Task statement –
Your copy should begin at the line containing "A Treatise On The Differential Calculus" and end at the last line of the records; transcribe those lines exactly and leave out every picture.

Records shown –
▬▬▬▬▬▬▬▬▬▬

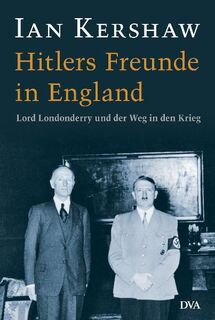 Hitlers Freunde in England - Ian Kershaw (ISBN 9783421058058)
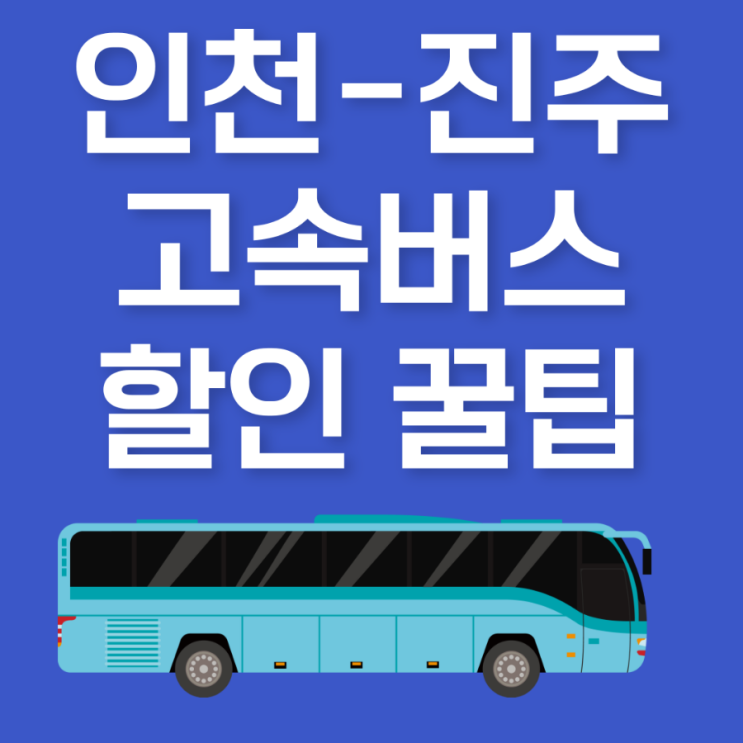 인천-진주 고속버스 시간표 소요시간 가격 할인 꿀팁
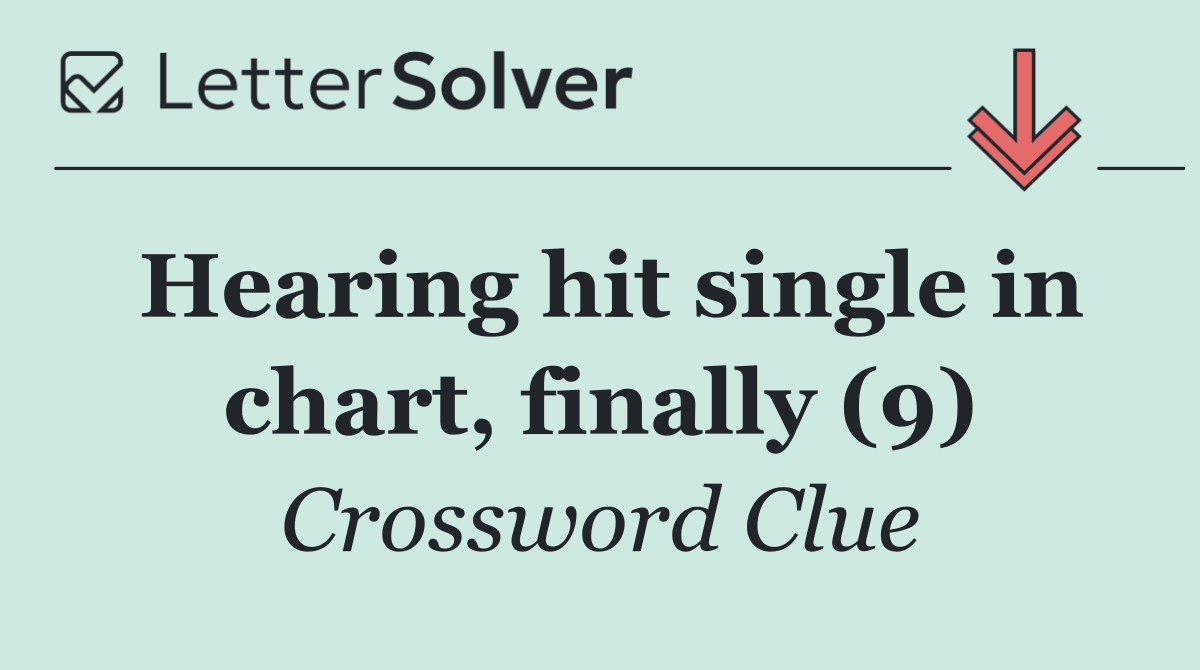 Hearing hit single in chart, finally (9)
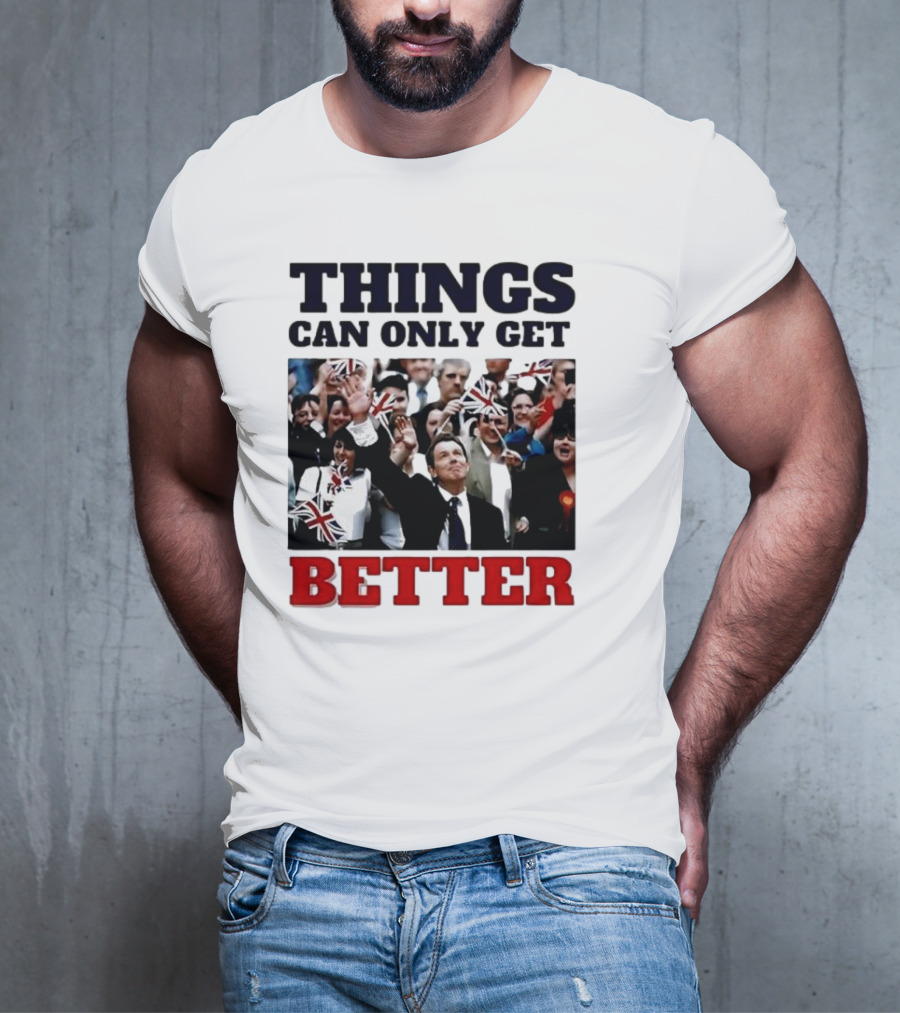 Things Can Only Get Better Patriotic Celebration With Tony Blair T-Shirt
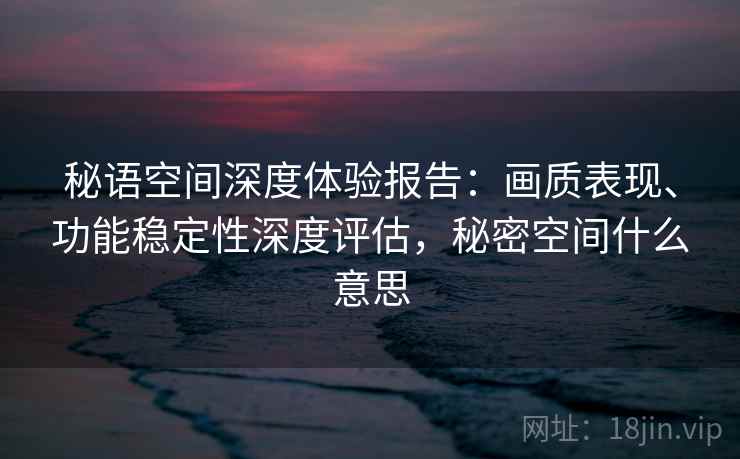 秘语空间深度体验报告：画质表现、功能稳定性深度评估，秘密空间什么意思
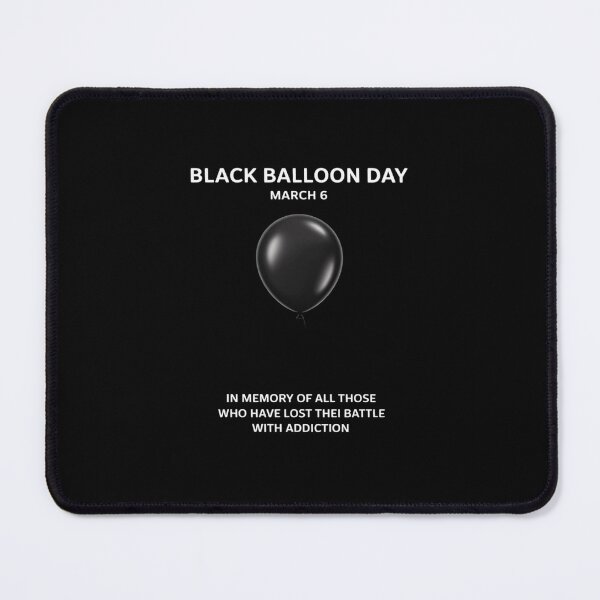 Item preview, Black Balloon Day Overdose Awareness Addition designed and sold by Idarmotar.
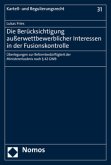 Die Berücksichtigung außerwettbewerblicher Interessen in der Fusionskontrolle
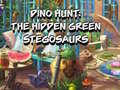 ເກມ Dino Hunt: The Hidden Green Stegosaurs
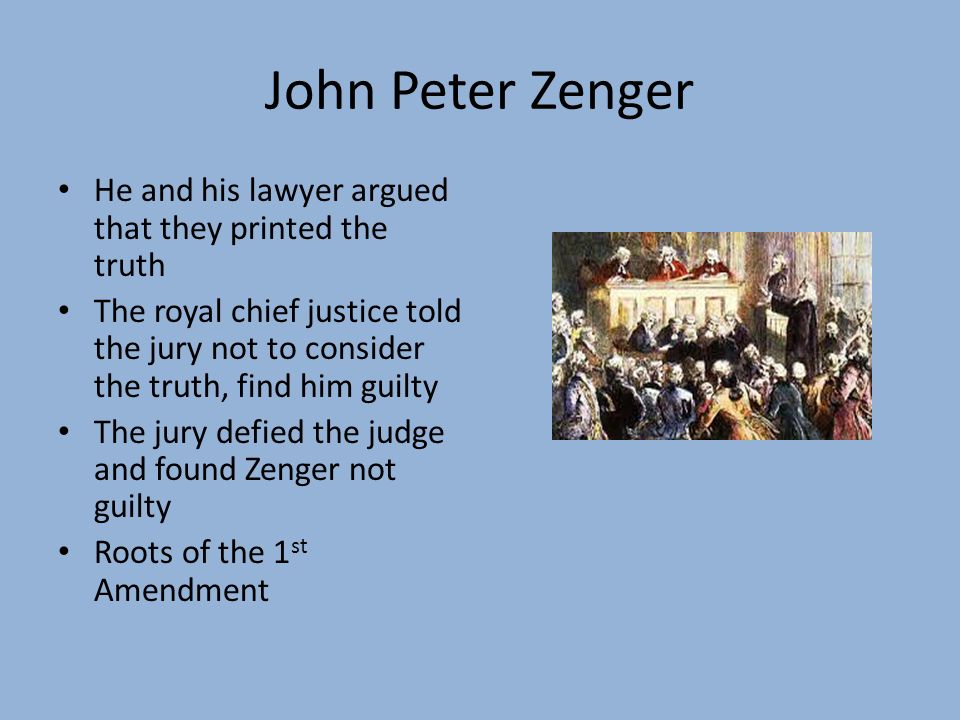 John Peter Zenger He and his lawyer argued that they printed the truth
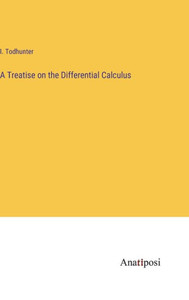 A Treatise On The Differential Calculus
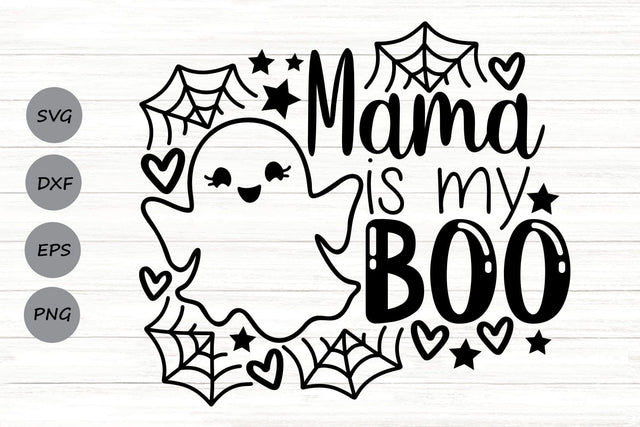 Mama Is My Boo| Halloween Mama SVG Cutting Files. SVG CosmosFineArt 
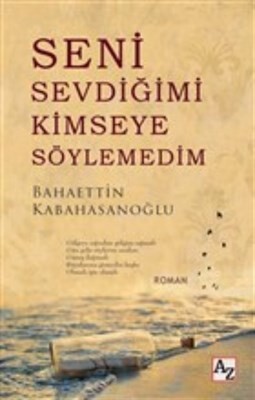 Seni Sevdiğimi Kimseye Söylemedim - Az Kitap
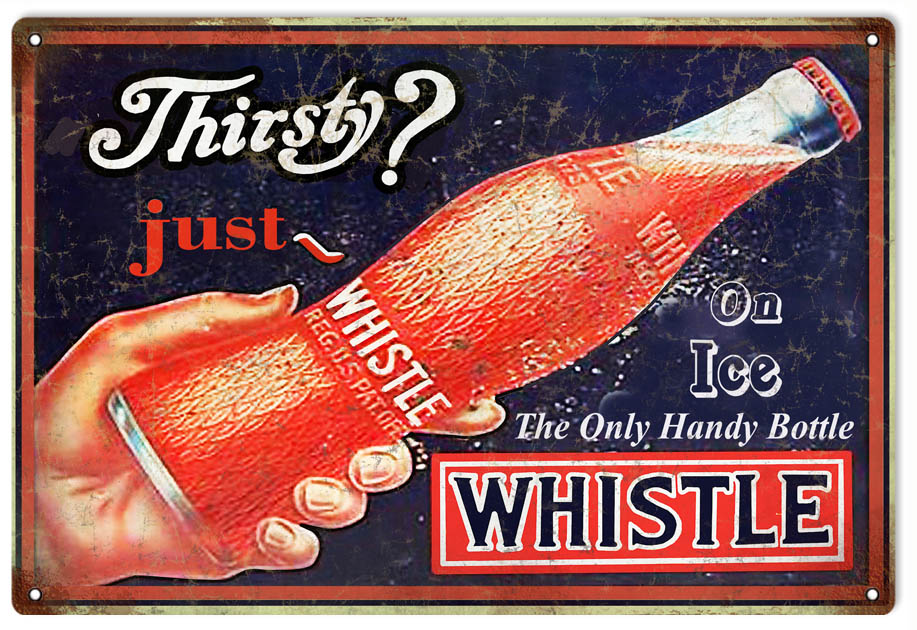 Thirsty Just Whistle 12x18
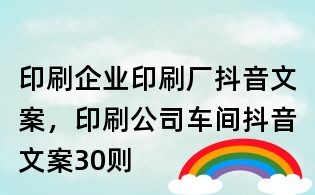 印刷企業印刷廠抖音文案,印刷公司車間抖音文案30則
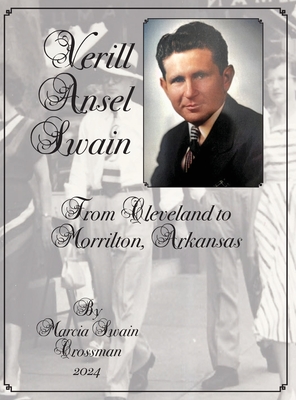 Verill Ansel Swain from Cleveland to Morrilton, Arkansas: From Cleveland to Morrilton, Arkansas - Marcia Swain Crossman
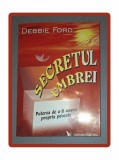 # DEBBIE FORD - SECRETUL UMBREI * PUTEREA DE A-TI ASUMA PROPRIA POVESTE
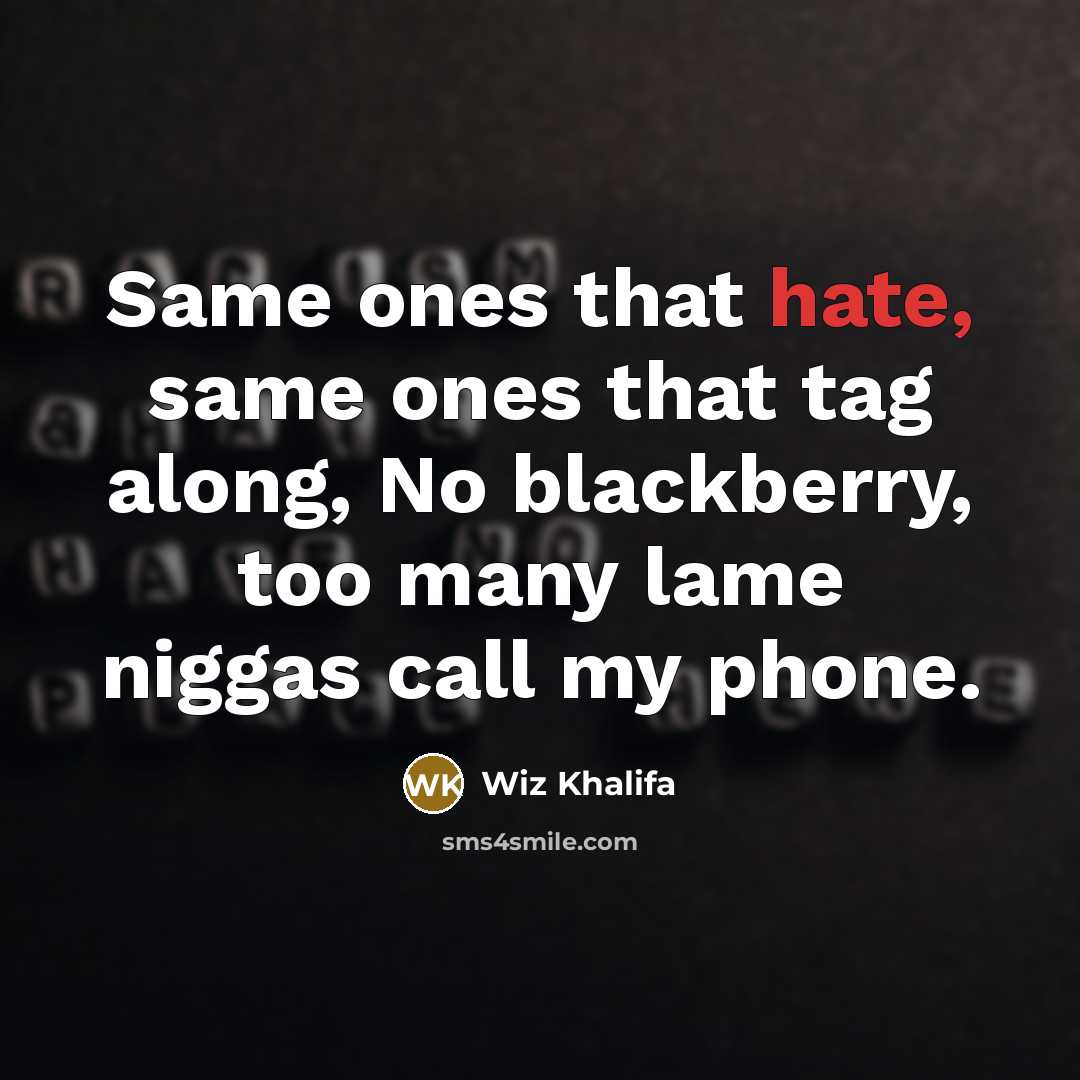 “Same ones that hate, same ones that tag along, No blackberry, too many lame niggas call my phone.” quote by Wiz Khalifa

▬▬▬▬▬▬▬▬▬▬

Answer for the task –
 A Treatise On The Differential Calculus
 Mama Is My Boo| Halloween Mama SVG Cutting Files. SVG CosmosFineArt 
 Seni Sevdiğimi Kimseye Söylemedim - Az Kitap
 Thirsty Just Whistle 12x18
 印刷企業印刷廠抖音文案,印刷公司車間抖音文案30則
 Verill Ansel Swain from Cleveland to Morrilton, Arkansas: From Cleveland to Morrilton, Arkansas - Marcia Swain Crossman
 # DEBBIE FORD - SECRETUL UMBREI * PUTEREA DE A-TI ASUMA PROPRIA POVESTE
 “Same ones that hate, same ones that tag along, No blackberry, too many lame niggas call my phone.” quote by Wiz Khalifa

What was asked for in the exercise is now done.